Dante entró por la puerta, más pálido que de costumbre y temblando. Saludó a los padres de Brooke, que habían llegado hacía unos instantes y se dirigió rápidamente a nosotras.
- Dan ¿Qué te pasa? – pregunté agarrando su brazo, mientras Brooke se acercaba - ¿Qué tal te ha ido?
- Ah, bien, todo bien – reprochó con desinterés, sin mirarnos directamente a los ojos –
En ese momento fue cuando Brooke y yo, intercambiamos miradas de preocupación. Dante se mostraba algo raro.
- ¿Y vosotras? ¿Por qué queríais que viniese así de urgente?
- Ah, nada – respondió Brooke desenfadada – un latin lover ha aparecido aquí y bueno… supongo que es mejor que subamos a mi habitación, podremos hablar más tranquilos.
- Sí, vamos – aprobé intentando hacerle una seña a Dante, Brooke me había descubierto –
Después del tramo de escaleras, y del pasillo, por fin estábamos en la desordenada habitación de Brookie, sentados cada uno en un rincón mientras ella hablaba sobre lo sucedido.
Lo cierto es que había sido raro, no recordaba casi nada, solo la intrusión de aquel hombre y… y el fatídico momento en el que Brooke me había hecho aquella pregunta.
- Y eso, me ha soltado una perorata de las Cazadoras y los vampiros y todo ese bla bla bla, ya sabes – proseguía Brookie, completamente emocionada, con gestos sobreactuados y ojos desorbitados – Y no lo sé, Dante, es lo que hablaba con Ambie, no sé si creerlo, parecía tan… tan convincente.
Pude comprobar, como Dante luchaba por mantener una expresión de “no tengo ni la menor idea de lo que me hablas”, creyendo que, por supuesto, Samarly no tenía ni idea de lo que él y yo practicábamos.
- Y… ¿Vas a creerte eso? La magia no exi…
- Dan, deja de disimular, sabe mi secreto – contesté sonriendo – el tuyo también claro.
- Ah, que también sabe eso... pues nada, ¡sorpresa! - Dijo irónicamente con una falsa sonrisa en la cara –
- B..bu..bueno – balbucee- no ha sido mi culpa, Dan… ya sabes… el latin lover – acabé con la cabeza gacha y una inocente sonrisa.
- Es cierto – apoyó Brooke – Gil ha sido el que me ha contado que practicabais la magia.
Dante resopló, demasiadas sorpresas en poco tiempo.
- Lo cierto – terminó por pronunciar – es que en algunos libros de magia que he leídos, se menciona brevemente a “Cazadoras” – hizo una pausa – y bueno, coincide con lo que ese hombre dice.
- Bueno – bromee- un veinte por ciento más de credibilidad ¿no?
- Sí – afirmó Brooke mientras me dedicaba una sonrisa – pero… ¿Acaso podría yo hacer todo ese trabajo? No he sido nunca fuerte, no sé luchar… No creo que yo sea “La Elegida”, no lo sé…
- Bueno, la verdad es que has logrado mandarme al otro extremo de la habitación de una patada – sentencié – no es por ofender…
- ¿Qué patada? – preguntó Dan, desorientado – No entiendo.
- Da igual. – contestó Brookie quitándole importancia – Pero ¿Es que no podían haber cogido a alguna otra, en plan Aretha Franklin?

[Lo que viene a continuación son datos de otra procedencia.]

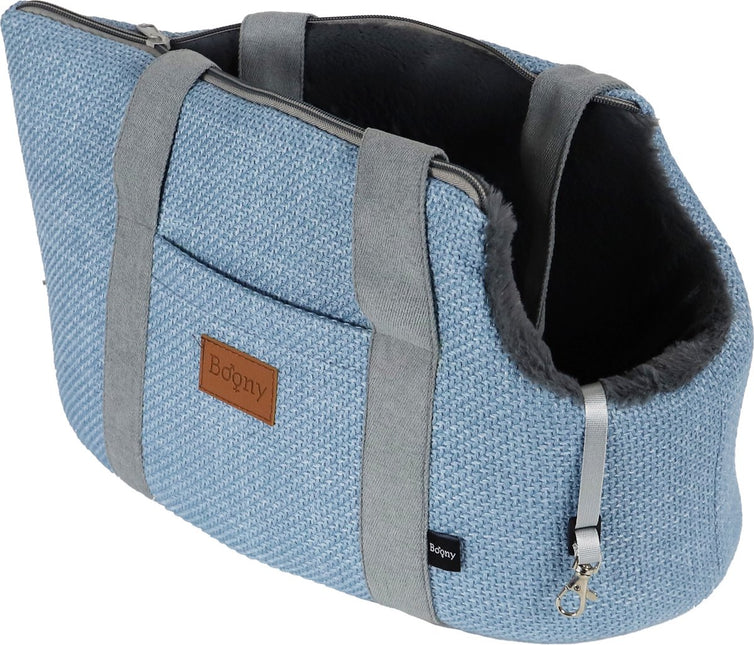 AnimalstoreXL Boony Draag tas Linnenlook met Draagband 46cm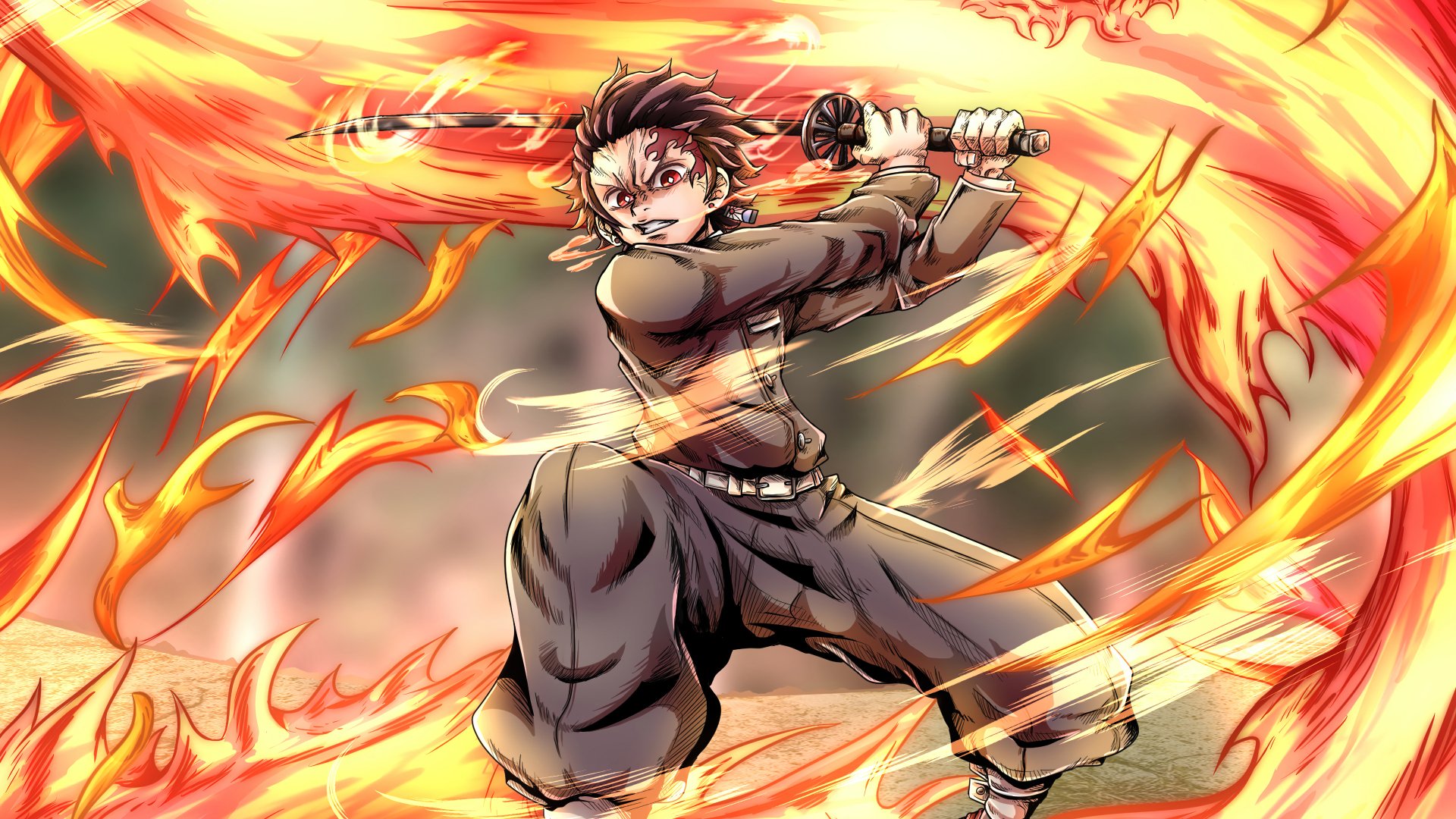 Download Hinokami Kagura Tanjiro Kamado Anime Demon Slayer: Kimetsu No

No digáis que no impone más que yo…
Brotó una carcajada general, y Dante se levantó.
- Bueno, Brookie, intentaré buscar la máxima información esta noche en los libros – se estiró – de todas maneras, quedamos mañana los tres ¿no?
- Yo también me voy – me apresuré a decir mientras me levantaba, quería sacarle aquello que le pasaba a Dan – Brooke, mándame un mensaje para lo que necesites al volver de la tienda, yo también intentaré sacar algo.
- Vale, chicos – contestó con expresión divertida – mañana os cuento.
Unos minutos más tarde, estábamos ya en la calle, en dirección a nuestro bloque de pisos, vivíamos puerta con puerta.
- Bueno, artista, cuéntame que es lo que te pasa – le pedí mirándole a los ojos –
- ¿Qué? – se estaba haciendo el loco – Nada, Ambie.
- Ya – pronuncié sonriendo – Te conozco, Dan.
- Antes... cuando venía, me he cruzado con alguien, con una chica- Dijo con gesto de preocupación-
- Uh, no me digas que ahora te van las tías... -bromee despreocupada, aunque Dante pareció no escucharme-
- Nada, tonterías, supongo- Dijo cogiéndome del brazo con una de sus preciosas sonrisas-
Saqué las llaves del bolsillo de la fina chaqueta.
- Bueno, pues ya hemos llegado – le dije – mi madre me va a matar, nunca llego tan tarde.
- Ya, bueno – contestó – no olvides avisarme si Brooke te necesita, iremos los dos juntos.
- Claro, cualquier cosa, te llamo – respondí alejándome hacia mi puerta.
No me había tragado lo de esa chica rubia, allí había algo más y no me olía nada bien.
Nada más entrar y saludar a mi madre, me apresuré a coger el teléfono, marqué el número de Brooke y esperé.
- ¿Sí?
- Hola Jamie, soy Amber ¿Está Brooke?
- No, acaba de marcharse con Dante, le tiene que ayudar a hacer unas cosas.
- ¿Dante?
- Sí, es lo que me ha dicho.
Justo entonces, recordé su cita con Gildwin en la tienda de magia.
- ¡Oh! Sí….cl claro, lo había olvidado, ahora me paso a verles, muchas gracias.
- De nada, Amber.
Ya se había marchado…
No sabía si había sido buena idea dejarla acudir a aquella cita.
¿Y si Gildwin era un psicópata y no lo que él decía?
=OUT=
Aquí entra Ambie, con esencia Willowneska xDDD
Prud!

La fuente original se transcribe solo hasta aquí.